I hit a patch of terrible timing with IA and thought, well, loon
in my head, there’s three ways you can approach this here. You can go crazy girl on him. You can say that’s not good enough and walk
away from it completely or you can continue seeing other people in an attempt
to keep irrational at bay and see if the tides turn when this young gent has
some actual time on his hands.
Reasonable thoughts and subsequent reasonable actions coming
out of me are about as common as Halley’s Comet, so I’ve gone with door number
three. I mean, does it still bother me
that he had to sit at work through my [fab] birthday party and that our
respective week-long vacations are on different weeks? Sure, but this isn’t a place for whiny, sad
thoughts. If it was, however, I have
some whiny-ass, sad thoughts I’ve been keeping to myself, my chardonnay and my
cat. I digress.
So this guy Mike reaches out to me and he’s kind of a
dick. Being a girl and nothing if not
predictably stereotypical, I’m instantly interested. Mean Mike tells me, among other things, that
he “hates sports and TV in general,” then asks me to tell him 10 random things
about myself. Eye roll. Even though a man’s hatred of sports falls
just under “drives molester van” and “general serial killer vibe” in my ranking
of red flags, I decide I want to pursue this for the story. Also, he told me
his father grows wine grapes, so let’s sprinkle on a little genuine
interest/potential for opposites attract kind of thing for good measure.
I ramble off nine mostly uninteresting and generic things
about myself and then ::bats eyelashes even though it’s over the internets::
say, “10 – I’m concerned you might actually hate me because I’m absolutely
fanatical about sports – football in particular – and about 95% of my job,
which I love, is based around the television industry.” He replies almost immediately
telling me not only that I may be right, but that my answers didn’t exactly help
the situation. Again, eye roll, this is
going to take some finessing to move forward.

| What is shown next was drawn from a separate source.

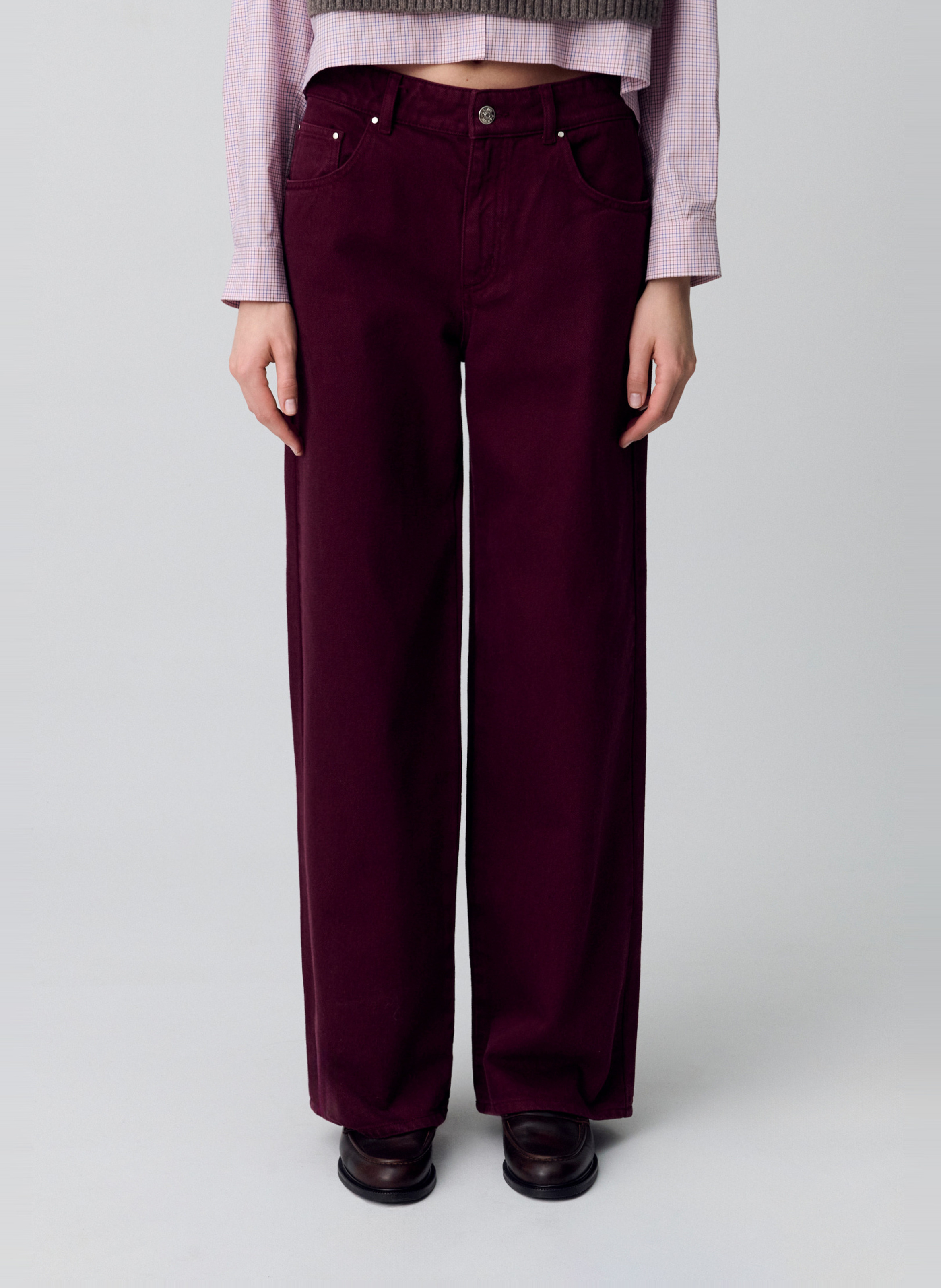 Jean large en coton CLAUDIE PIERLOT Rouge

By finesse, I mean silent treatment for four days. Why (WHY?!?!) does that work so well? Whatever,
Mean Mike asks me to get together for a drink, making sure to note he’s only
free through Thursday and his – and I quote – “dance card is full this weekend.”
Then, in a move that finally gets the bizarre ball rolling here, he throws in
his real email address for greater ease of communication.
Obviously the first thing I do is Google it. That’s when all the air got sucked out of the
room. The first link spells out for me
in great detail that he happens to work at the exact same small, private
investment bank as IA. It’s a 20-person
team. What. The. What. How does shit
like this always and only happen to me?
Do you know how many banks there are in NY?! Seriously, could he not have worked at a
different one, on a larger team, with the ability to get lost in the
crowd? Even Deutsche Bank midtown vs.
downtown, or something of the like, would be more ideal in comparison.
In the end, I have no idea if this is a setup or more likely
in my case, just a very, very curious coincidence for three people living in ‘Merica’s
most populous city. And I don’t know that I’m going to do anything in the way
of finding out either. I mean, up till
now, my action plan has been to sit here, staring at the Google with my eyes
bugged out, gabbing to any friend who will listen. Like I said earlier, I am trying to stay away
from the outwardly-expressed crazy girl behavior, but this latest development
makes an awfully enticing offer to give in.
I suppose the moral of the story here is maybe don’t put all your eggs
in a Tiny basket. It can get messy.
Until the next, tragic disaster in my personal life,
Vennifer.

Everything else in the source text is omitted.